YOUR GOAL: Starting with the line that has "威什么狗有小短腿-小短腿的狗狗都有哪些" in the records below and ending with the line that has "Black and white", output those lines exactly and nothing more; omit the pictures.

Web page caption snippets
--

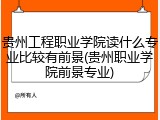 贵州工程职业学院读什么专业比较有前景(贵州职业学院前景专业)
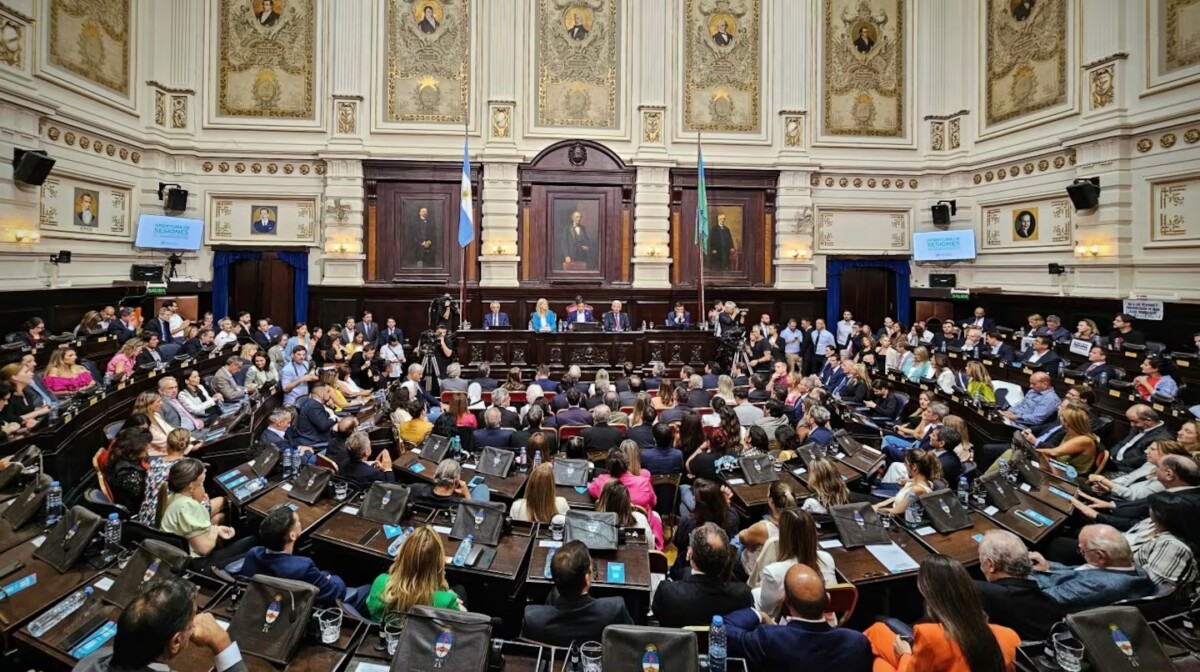 PASO en pausa: el Senado de la provincia avanza con su suspensión y sin comicios simultáneos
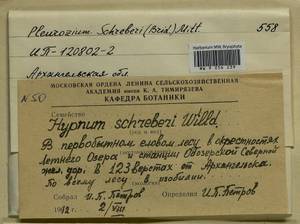 Pleurozium schreberi (Willd. ex Brid.) Mitt., Гербарий мохообразных, Мхи - Архангельская и Вологодская области, Коми, Ненецкий АО (B7) (Россия)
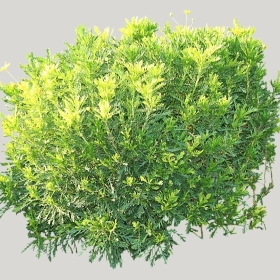 ͼʦģֲģȫ20221002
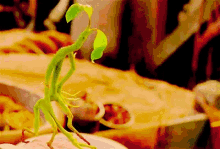PICKETT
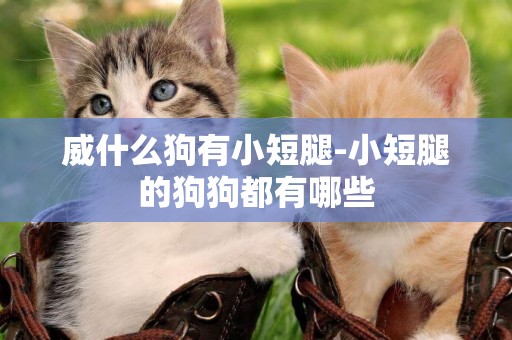 威什么狗有小短腿-小短腿的狗狗都有哪些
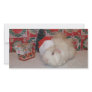 White Santa Pig Photo Cards
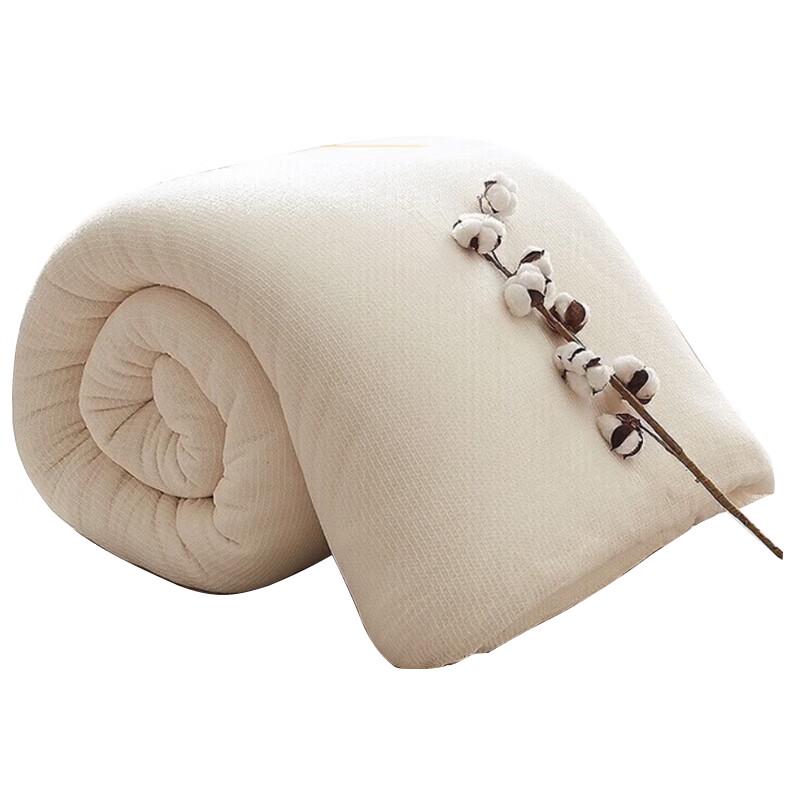 Jinglangtu 100% Cotton All-Season Duvet Insert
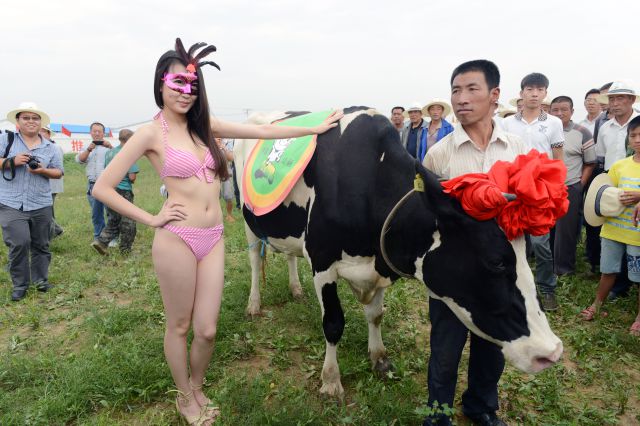 Dairy Cows on Display in First Ever Beauty Contest!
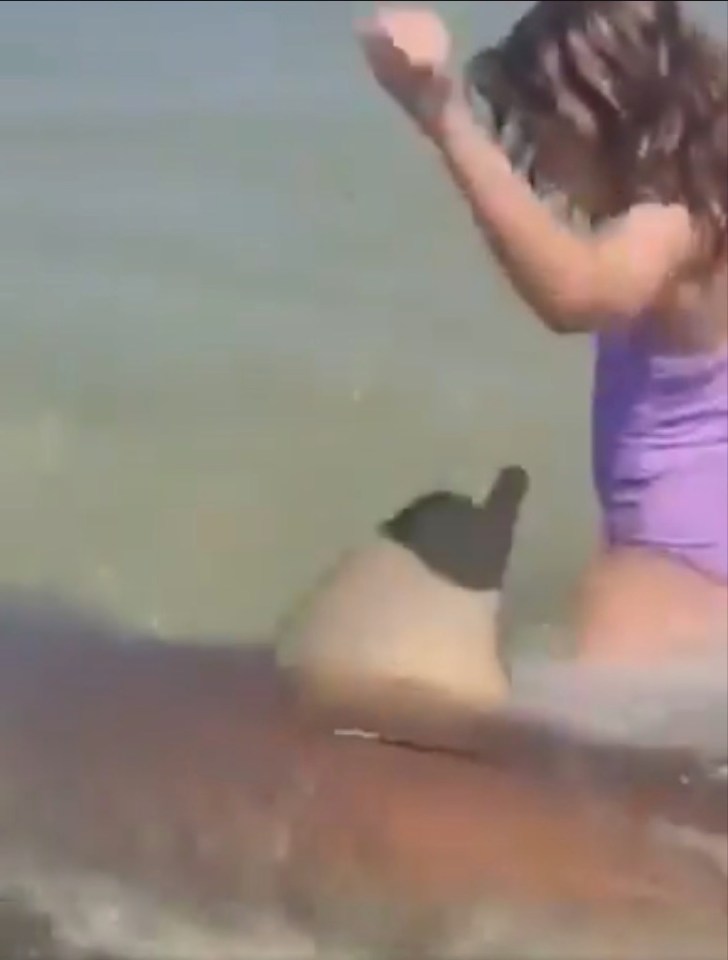 Moments before a fatal shark attack in Hadera, a shark swims near children.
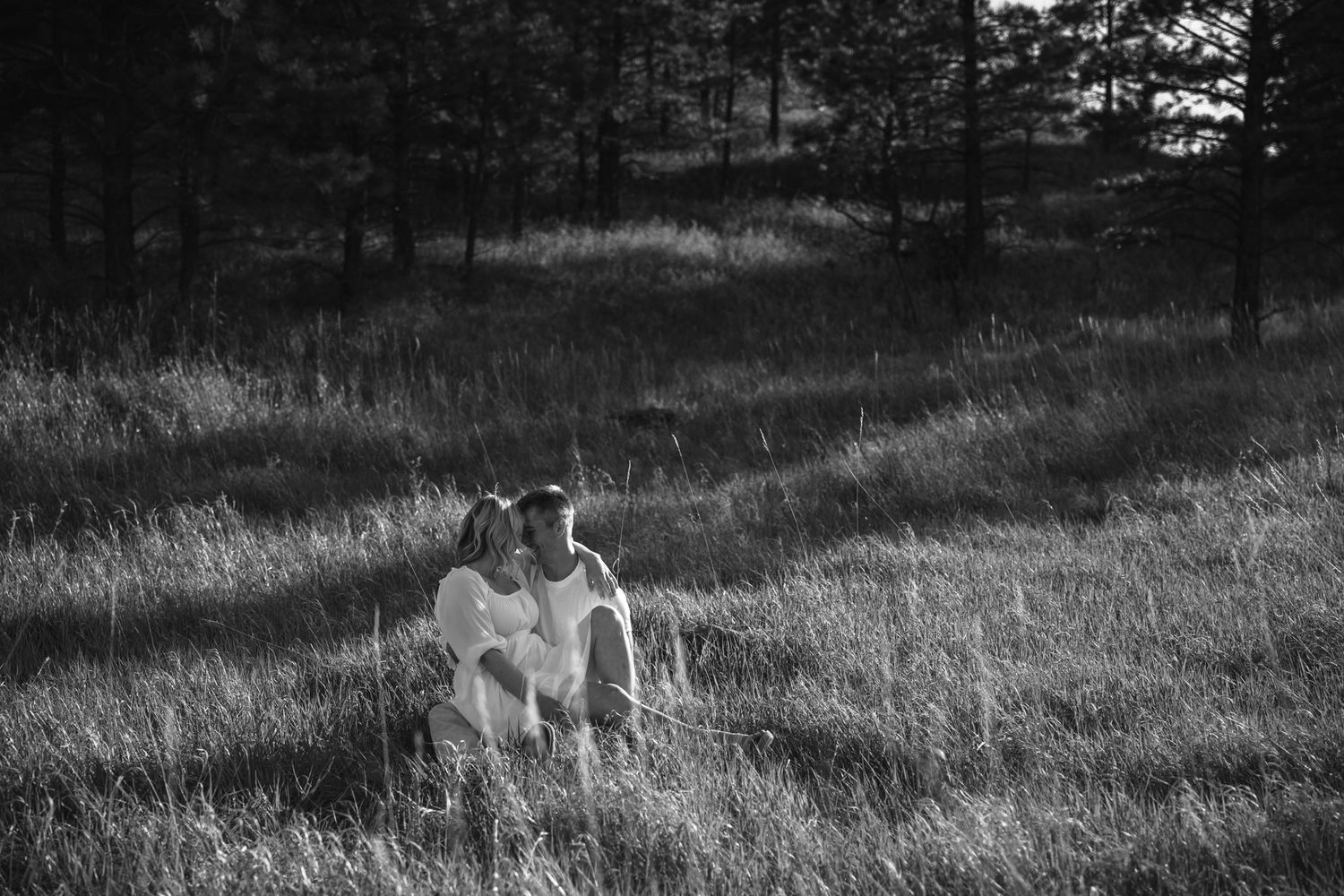 Black and white photo of a dog sitting in a grassy field surrounded by trees.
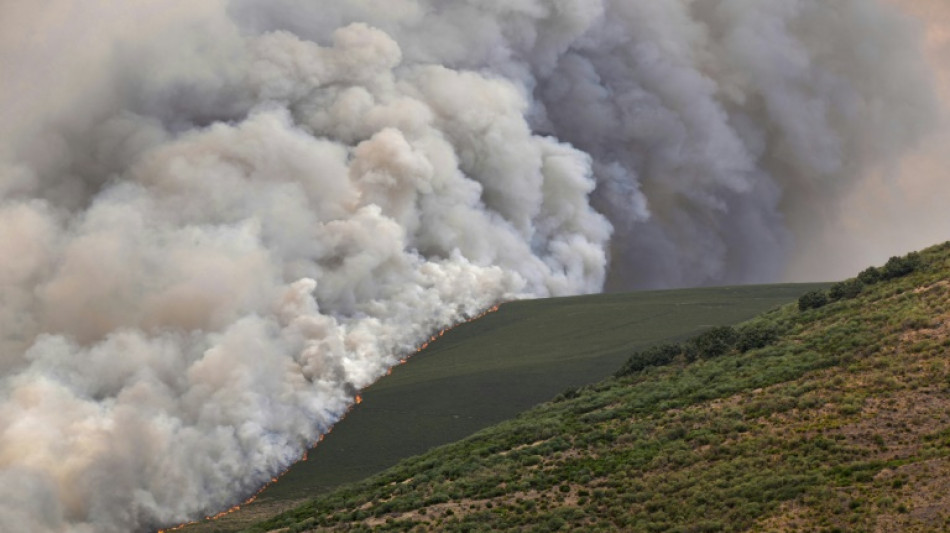 Lutte sans r&eacute;pit contre les incendies en Espagne et au Portugal, d&eacute;j&agrave; six morts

--

WRITTEN RESPONSE:
 威什么狗有小短腿-小短腿的狗狗都有哪些
 White Santa Pig Photo Cards
 Jinglangtu 100% Cotton All-Season Duvet Insert
 Dairy Cows on Display in First Ever Beauty Contest!
 Moments before a fatal shark attack in Hadera, a shark swims near children.
 Black and white photo of a dog sitting in a grassy field surrounded by trees.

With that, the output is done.